19 marzo 2024
Aggiornato 04:30
Il 24 giugno

Il 'Mazzo di San Giovanni': le erbe 'magiche' della tradizione

Aqua, fuoco, Santi, Terra: una giornata a cavallo fra fede religiosa e tradizione pagana, una giornata per chiedere una benedizione per i mesi a venire

Il 'Mazzo di San Giovanni': le erbe 'magiche' della tradizione
Il 'Mazzo di San Giovanni': le erbe 'magiche' della tradizione Foto: Pixabay

Da un lato la tradizione Cattolica, dall’altro quella pagana da cui la prima, inevitabilmente, ha tratto ‘ispirazione’ per molti suoi rituali. A pochi giorni dal Solstizio d’Estate (il 21 giugno) c’è un’altra giornata particolarmente importante per la tradizione del Friuli Venezia Giulia: una di quelle usanze che profumano d’antico e che narrano di vicende lontane, di quando il popolo che abitava questo lembo di terra, attraversato da così tante e lontane genti, coltivava con attenzione i suoi folclori legati al culto e al rispetto della Madre Terra. Si tratta del 24 giugno (anche detto Natale d'Estate). La tradizione Cattolica vuole che quello sia il giorno in cui è nato San Giovanni Battista, figura chiave nella vita di Cristo. Colui che lo battezzò (il ‘Precursore’ che annunciò la venuta del Signore, unico Santo insieme alla Madonna di cui si celebra il giorno della nascita terrena oltre quello del martirio).

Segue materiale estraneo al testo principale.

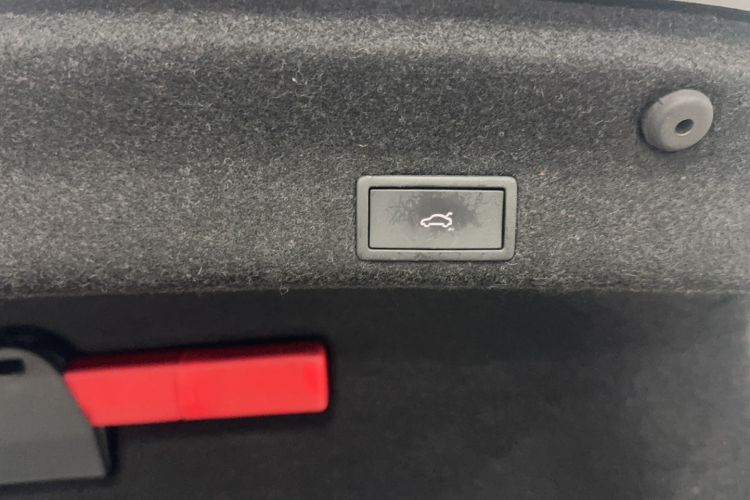 大众 迈腾 2023款 200万辆纪念版 380TSI DSG旗舰型中控内饰7006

L'ACQUA - E proprio l’acqua (purificatrice) è uno degli elementi chiave nelle ritualità più antiche legate a questo giorno: si riteneva infatti che nella ‘magica’ notte di San Giovanni (quella a cavallo fra il 23 e il 24 giugno) dal cielo scendesse una rugiada dagli effetti ‘miracolosi’. Sarebbe il Santo (per i cattolici) a benedire la terra e tutti gli esseri viventi con il suo sangue trasformato in rosade. E proprio quelle piccole, preziose, gocce di rosiata erano cercate ardentemente dagli innamorati (diversi, anche, i rituali per ottenere di responsi d'amore), alla ricerca di un buon auspicio, e dalle donne, per garantirsi la fertilità, ma anche per tenere lontane le malattie. Sempre le donne, all’alba, raccattavano una tovaglia stesa sull’erba la sera precedente. Il loro scopo era raccogliere più rugiada possibile per poi conservarla in una bottiglia, a loro disposizione durante tutto l’anno.

IL FUOCO - Fra le ritualità più diffuse, proprio nella notte (del 23 giugno, vigilia) di San Giovanni, c’è anche quella dei falò (generalmente accesi su alcune montagnole): in origine accesi dai contadini, avevano una funzione purificatrice, e propiziatoria nei confronti del sole, cui si ‘chiedeva’ di rallentare la sua corsa verso le tenebre dell’inverno. Oggi questi riti vengono ancora praticati nelle Valli del Natisone, dove troviamo il Kries e in Val Resia, con i Kriss, i caratteristici falò di Gniva, località in cui sempre in quegli stessi giorni c’è il lancio delle 'cidule', le ruote infuocate.

LE ERBE DEL MAZZO - Assieme ai falò in questa occasione (anche detta ‘la notte delle streghe’) si era soliti confezionare il 'Mazzo di fiori di San Giovanni' (in friulano il 'Maç di San Zuan'), talvolta il mazzetto veniva gettato nei fuochi propiziatori, altre volte tenuto sotto il cuscino o portato con sé. In alternativa c’era chi confezionava dei talismani. In ogni caso l’obiettivo era il medesimo: proteggere delle negatività e dalla malasorte.

E le piante che annualmente davano (e danno) forma al ’Maç di San Zuan' non erano scelte a caso (Iperico, Artemisia, Menta, Salvia, Verbana, Ribes, Mandragora, Rosmarino, Lavanda, Felce, ma anche la Camomilla, l’Asparago selvatico, il Sambuco, la Ruta), ma ciascuna nascondeva un significato particolare. Ognuna avrebbe portato protezione contro qualcosa: le streghe, il maligno, il malocchio. Era (è) fede, profonda. Era (è) intenzione, preghiera, nel chiedere una benedizione per contrastare i danni atmosferici. È indubbiamente un retaggio antico di genti che vivevano grazie ai doni che l’amata Terra dava loro. Forse c’è molto, oggi, da (ri)imparare.